Il 10 giugno, quattro giorni prima, l'Italia fascista trascinava un intero paese in
guerra: è così che Ferruccio Guccini fu costretto a partire per il fronte.
«Siccome cominciavano a essere razionati i generi alimentari», la madre di
Francesco,
Ester Prandi, decide di trasferirsi a Pàvana - ridente località
dell'Appennino pistoiese - nella casa dei nonni paterni, dove «almeno il
mangiare sarebbe stato assicurato» [p. 11].
Guccini oggi ricorda l'atmosfera pavanese che tanto faceva a pugni con quella
tetra della guerra: «rimasi in quel vecchio e bellissimo mulino per i primi
cinque anni della mia vita, ricevendo l'imprinting pavanese di cui parlo spesso.
Lì imparai a parlare, mangiare, camminare, osservare, ridere, piangere,
desiderare» [p. 11].
Cinque anni più tardi, nel 1945, Francesco e la sua famiglia tornano a Modena,
dove il padre, uscito dal fronte nell'agosto di quell'anno, riprende il lavoro
di impiegato alle Poste. «Non fu un grande ritorno, per me.

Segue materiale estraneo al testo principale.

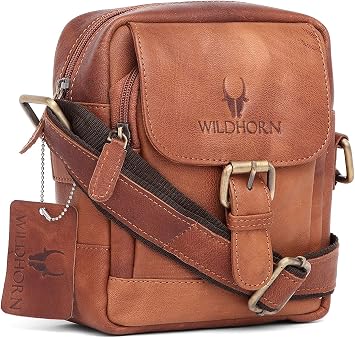 حقيبة كتف جلدية أصلية من WILDHORN مقاس 9 بوصات للرجال، حقيبة كروس بودي متعددة الأغراض، أبعاد L- 8 بوصات، ارتفاع- 9 بوصات، عرض- 3 بوصات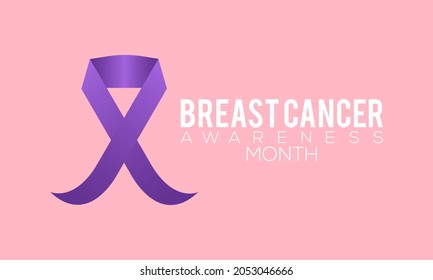 Breast cancer awareness month banner design with white background. Vector template
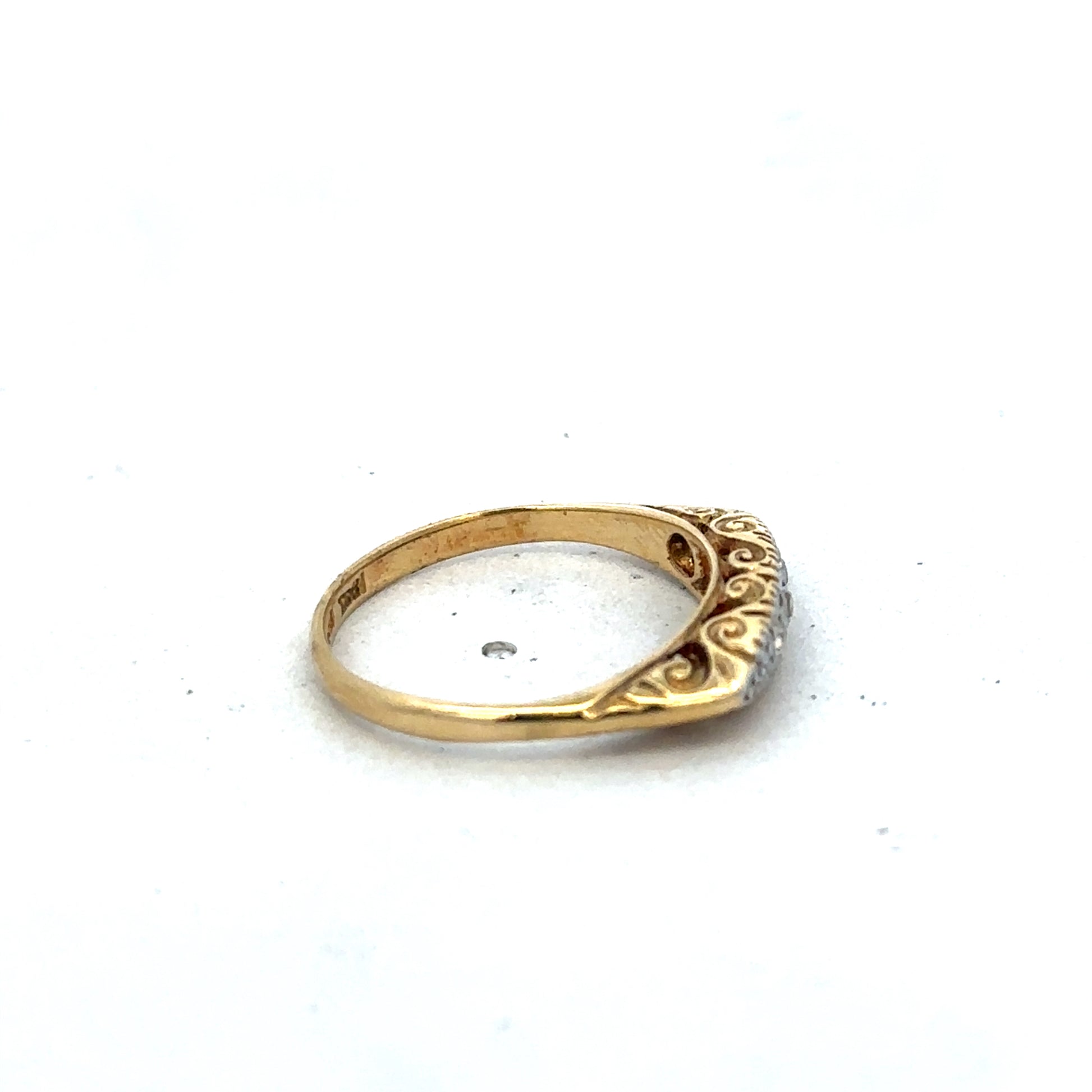 18ct yellow gold diamond ring by Reeves and Sons, size L1/2, featuring a sparkling diamond setting.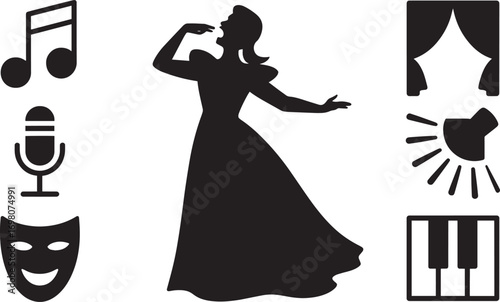 Opera Singer Silhouette with Microphone, Musical Notes, Stage Curtains Vector Art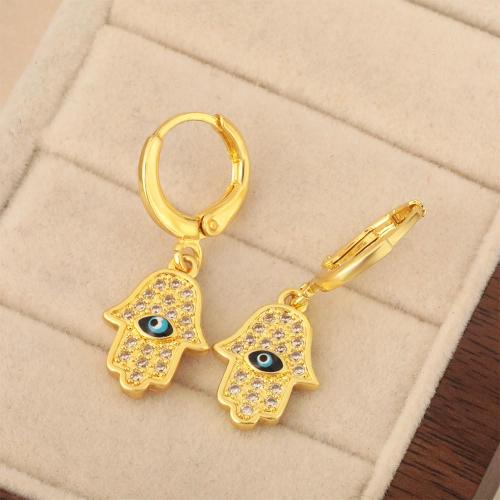 Cubic Zirconia Micro Pave Brass Earring, plated, micro pave cubic zirconia & for woman & enamel, golden, Sold By Pair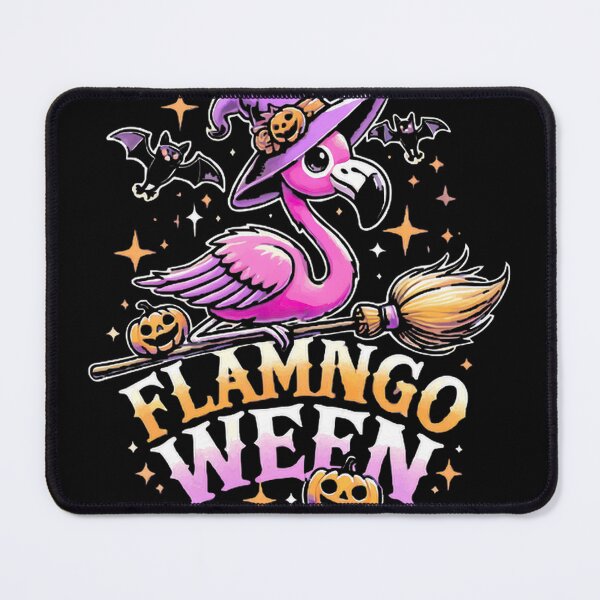 Item preview, Flamingo Halloween Witch Riding Broom | Spooky Flamingo Ween Design designed and sold by JERICHOALBERT2.
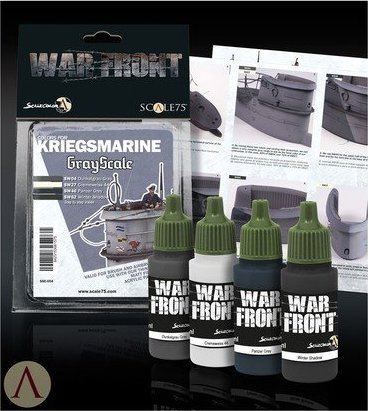 Set bojrash akrilike Scale75 Warfront Kriegsmarine Grayscale, 4 shishe, nuanca gri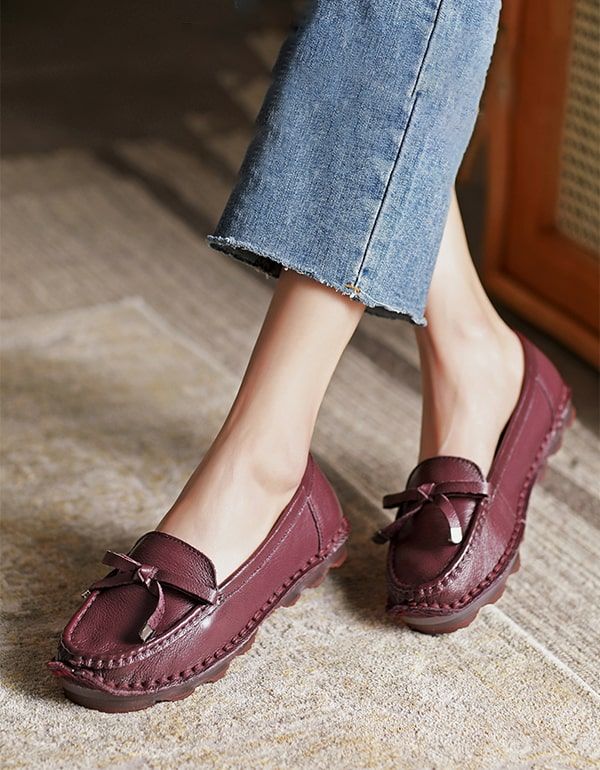 Bequeme Loafer Aus Weichem Retro-leder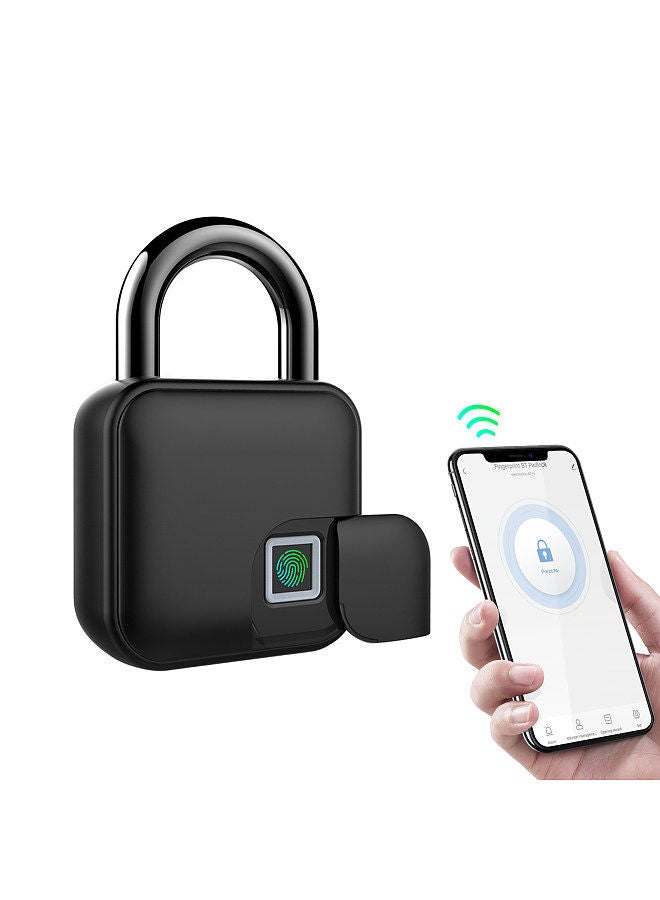 Smart Padlock Fingerprint & APP Unlocking 300mAh Rechargeable Fingerprint BT Lock Keyless 10 Sets Fingerprints IP65 Waterproof Anti-Theft Security Padlock Door Luggage Case Outdoor (Black)  - Image 4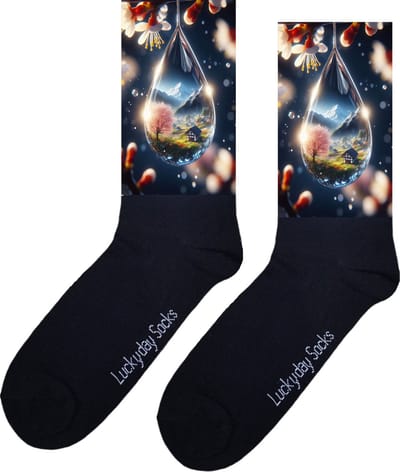 Dorp - Opkikker - Grappige sokken - Valentijns cadeau - Verjaardag cadeau - Sinterklaas cadeau - Waterdruppel - Kersenbloesem - Landschap - Leuke sokken - Vrolijke sokken - Kerst Sokken - Vaderdag - Moederdag - Kerstcadeau - Socks maken Happy - 3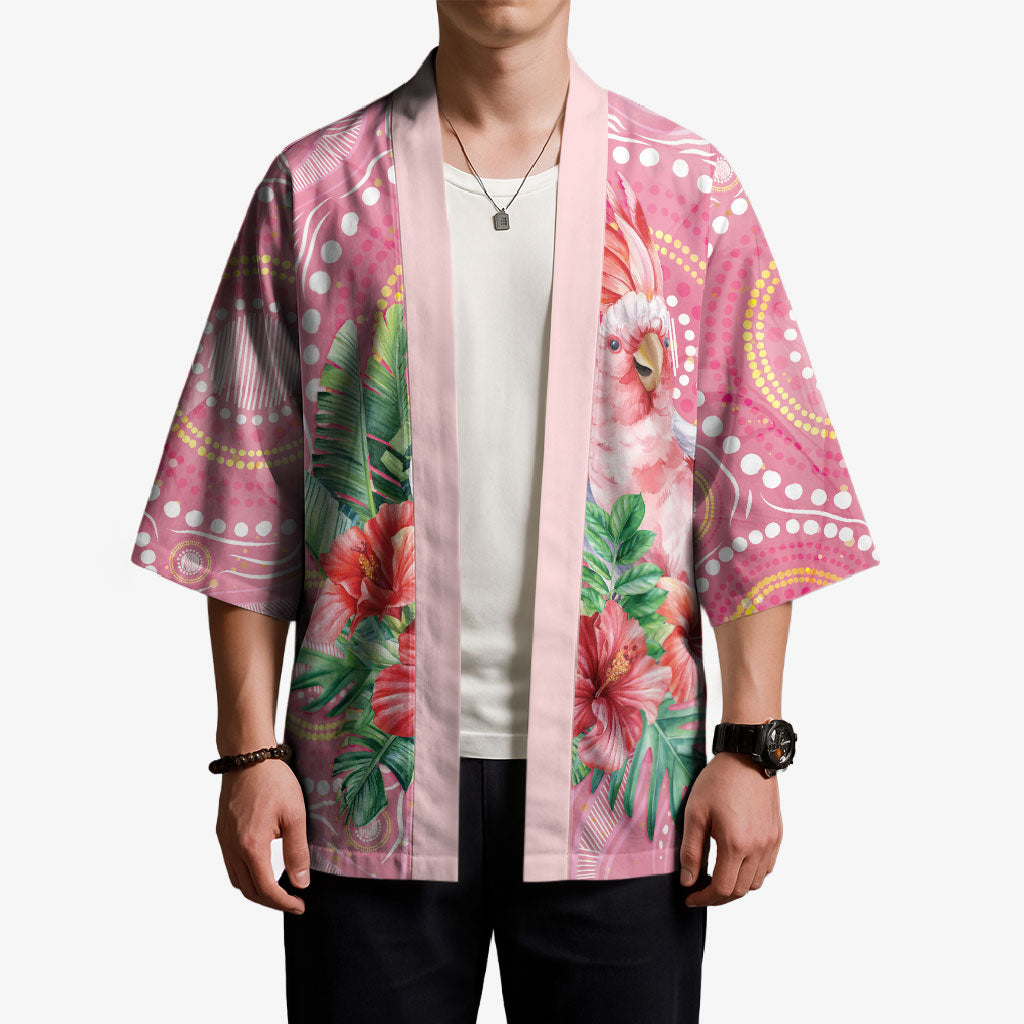 Breast Cancer Pink Cockatoo Kimono Indigenous Australia Watercolor Glaze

Io riuscivo a
sopportare la monotonia di Modena solo pensando che prima o poi sarei tornato al
mulino» [p. 20]. Dell'esilio modenese Guccini canterà in
Piccola Città: come non ricordare i "giochi consumati dentro al Florìda"?
Un pezzo d'infanzia di Francesco, ricordo forse dei giochi da indiani e cow-boy
o delle "imberbi grazie" che una sua amichetta gli mostrava.
Dopo le scuole elementari e medie, studia alle magistrali «perché era il liceo
dei poveri e degli indecisi.» [p. 24], diplomandosi nel 1958. Ma già nel 1957, a
17 anni, dopo aver imparato l'armonica a bocca da
autodidatta
e la chitarra con l'aiuto di un certo Celestino (un falegname di Porretta
improvvisatosi liutaio per cinquemila lire), Francesco mette su il suo primo
"complesso": «Pier Farri, che era il più ricco, scelse la batteria; io, che ero
il più povero, mi gettai sulla chitarra. Victor Sogliani disse che avrebbe
suonato il sassofono, Pierino il contrabbasso e in più c'erano altre due
chitarre, tanto per esagerare. [...] Guardavo i film di Elvis Presley e, come
facevano in molti, mi mettevo davanti allo specchio e cercavo di imitarne le
movenze. Cominciai a non separarmi più dalla chitarra perché la differenza tra
un Guccini con chitarra e un Guccini senza chitarra era evidente: il secondo non
aveva nessuna possibilità di avere delle ragazze.» [p. 32]. Nascevano così gli "Hurricanes",
poi "Snakers".
A soli 19 anni (è il 1959) e con il diploma in tasca, Guccini trova lavoro come
istitutore in un collegio di Pesaro, ma si tratta di un'esperienza breve e
deludente: viene infatti licenziato dopo appena un mese e mezzo. Non vanno
meglio i contemporanei
studi universitari; il primo anno, con il passaggio da Modena a Bologna,
è infatti un fallimento: un solo esame sostenuto. «Non sapevo nemmeno da dove si
cominciasse per preparare un esame. Fu solo dopo il militare [...] che la mia
vita universitaria assunse un senso. E fu lì, durante il militare, che scoprii
Borges e Umberto Eco. [...] Ed è sempre lì che conobbi il persiano, ovvero Omar
Al Khayyam, un poeta del 1300 di cui parla spesso Borges.» [p. 27].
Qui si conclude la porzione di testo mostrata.